What you are asked to do —
Print the listing below again, exactly. Skip the pictures.

Data block —
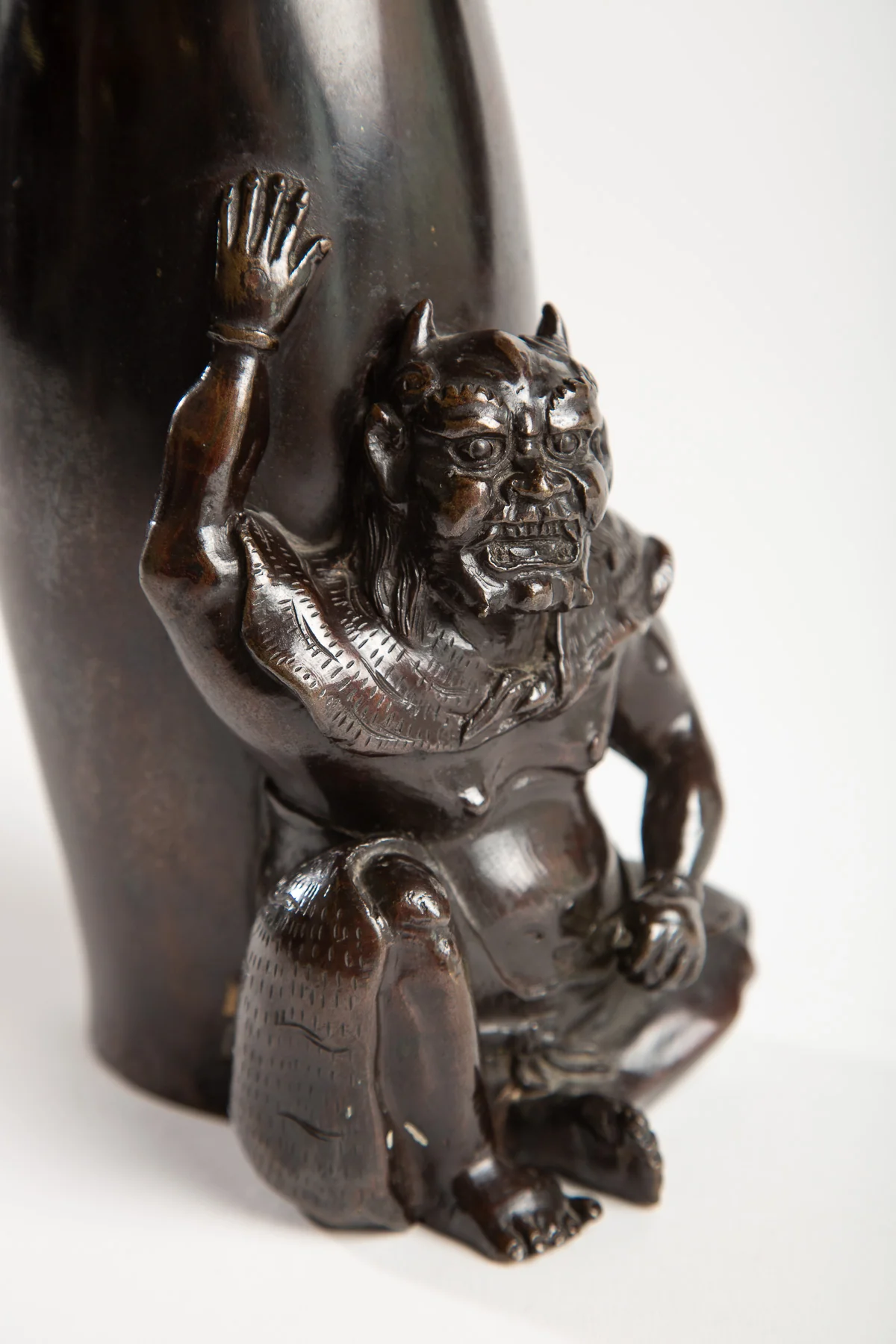 MAXFIELD PRIVATE COLLECTION | JAPANESE ONI VASE - Image 2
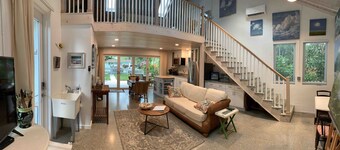 Beautiful Large Sun-drenched Artist Loft Studio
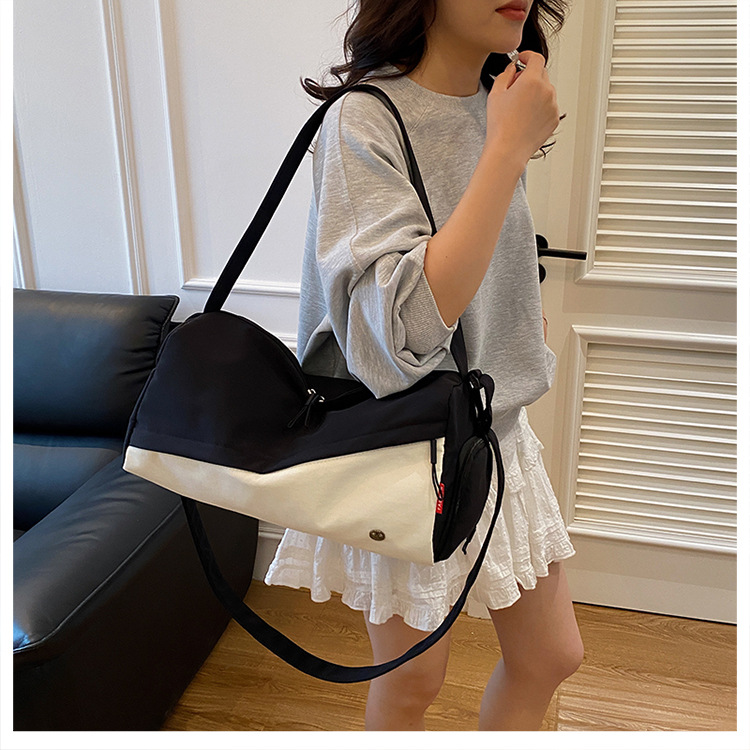 跨境韩版包包女2025新款防水尼龙包时尚新月包百搭轻便斜跨包详情32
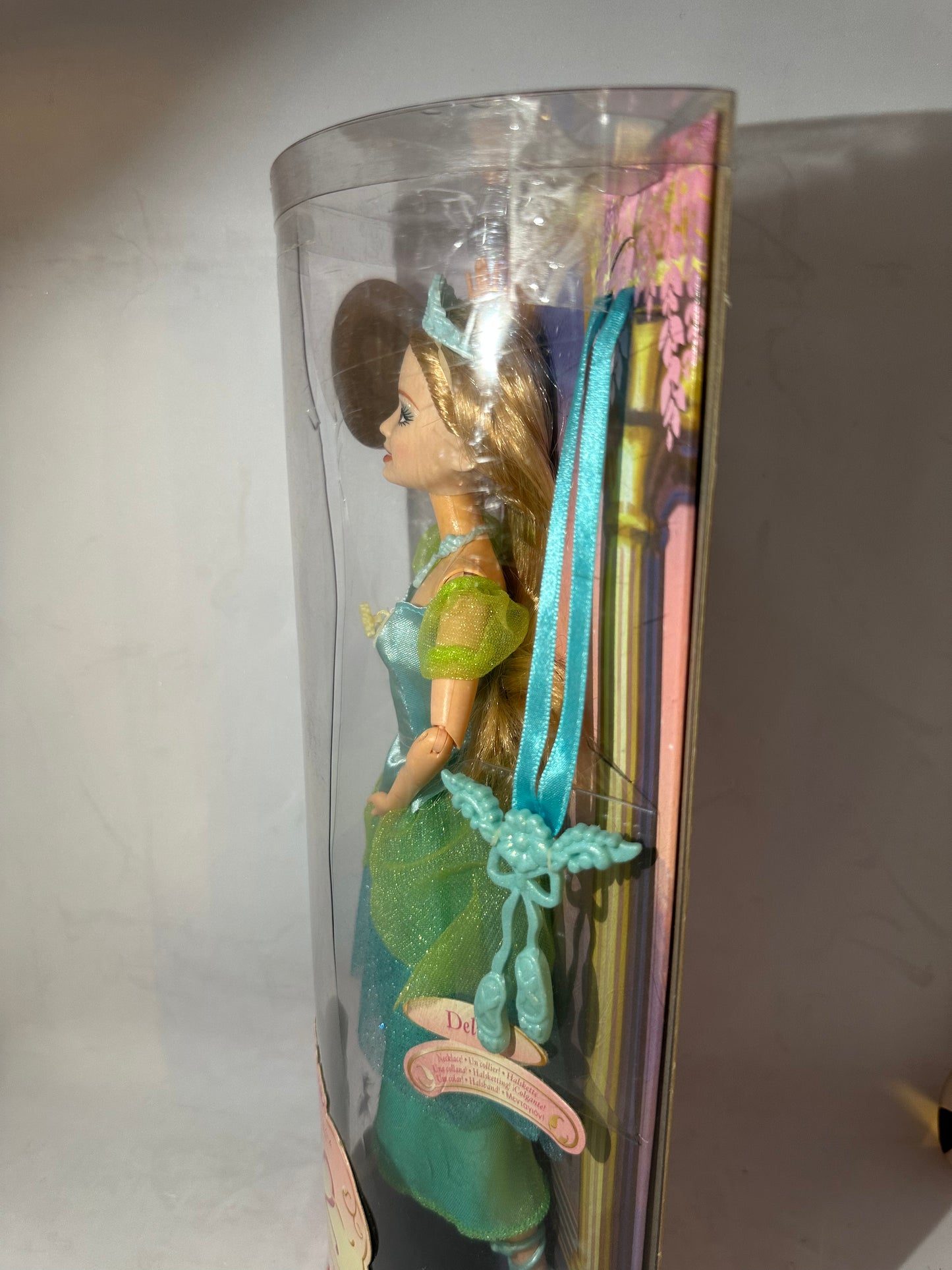 Barbie and the 12 dancing princesses Delia 2006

Answer to the problem —
 MAXFIELD PRIVATE COLLECTION | JAPANESE ONI VASE - Image 2
 Beautiful Large Sun-drenched Artist Loft Studio
 跨境韩版包包女2025新款防水尼龙包时尚新月包百搭轻便斜跨包详情32
 Barbie and the 12 dancing princesses Delia 2006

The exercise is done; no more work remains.